80 ungeschützte Anlagen
Nach ihrem detaillierten Bericht über ihre Ergebnisse auf der IT-Nachrichtenseite golem.de griffen das Fachportal heise.de und Spiegel online das Thema auf. Was genau hatten die beiden vorgefunden? Um Angriffspunkte ausfindig zu machen, haben Schäfers und Neef mithilfe einer eigens entwickelten Software mehr als vier Milliarden Internet-Adressen gescannt. Dabei stießen sie auf 80 ungeschützte Steuer-Anlagen, alle vom gleichen Software-Hersteller. Mit dem Programm werden Industrieanlagen visualisiert, überwacht und teils auch ferngesteuert. Der Zugriff ist von PC, Tablets und Smartphones aus mit einem normalen Browser möglich. Neben den deutschen Wasserwerken waren auch Industrieanlagen in Italien, Einkaufszentren in Chile und Hochhaustürme in Israel betroffen. „Mich schockiert, wie leicht diese Anlagen zu finden waren und wie einfach Hacker sie mit Standardmethoden hätten sabotieren können“, wird Schäfers von Spiegel online zitiert.

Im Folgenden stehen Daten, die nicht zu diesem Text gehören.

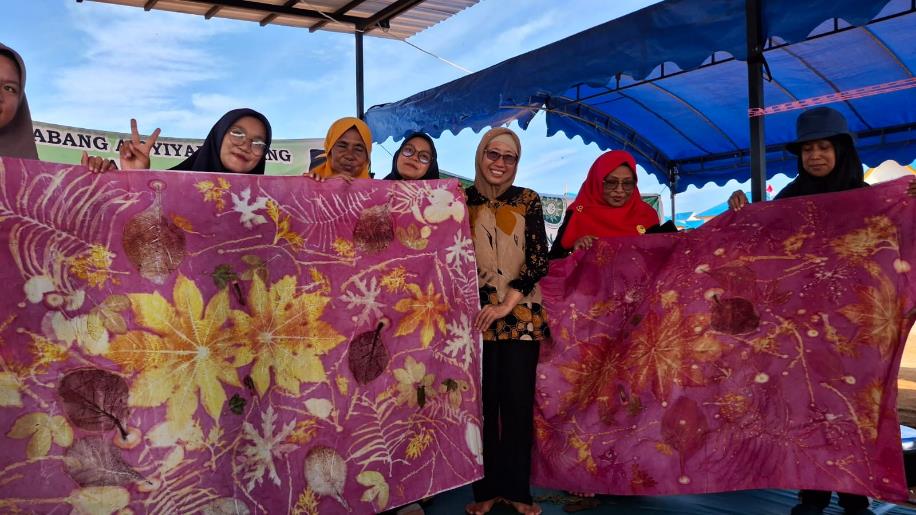 A group of women holding up large pink posters

Description automatically generated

„Mit vergleichsweise einfachen Mitteln“
Bei den Wasserwerken stießen die beiden nach eigenen Angaben auf „Human-Machine-Interfaces“ (HMI), die normalerweise der Überwachung und Steuerung von Maschinen und Anlagen vor Ort dienen. „Aus dem Internet sollten diese kritischen Systeme in keinem Fall zu erreichen sein. Wir fanden sie allerdings dort mit vergleichsweise einfachen Mitteln und erlangten so Zugriff auf ihre Administrationsoberflächen“, berichten die beiden auf golem.de. Mindestens in einem Fall hätten sie Zugriff gehabt auf die Steuerung der Pumpendrehzahl. Bei einem Wasserversorger hätten sie Störungsmeldungen ohne besondere Authentifizierung quittieren können, also mögliche Alarme unterdrücken.
Lücken geschlossen
Die beiden „Internetwächter“ meldeten ihre Funde dem Bundesamt für Sicherheit in der Informationstechnik (BSI), das die Betreiber der betroffenen Anlagen kontaktierte. Die verwundbaren Wasserwerke sind jetzt geschützt und nicht mehr auf diesem Weg erreichbar. Schäfers und Neef sprachen auch den Hersteller der Software an. Er sei sich der Schwachstellen bewusst, für die sichere Systemkonfiguration seien jedoch die Anwender verantwortlich.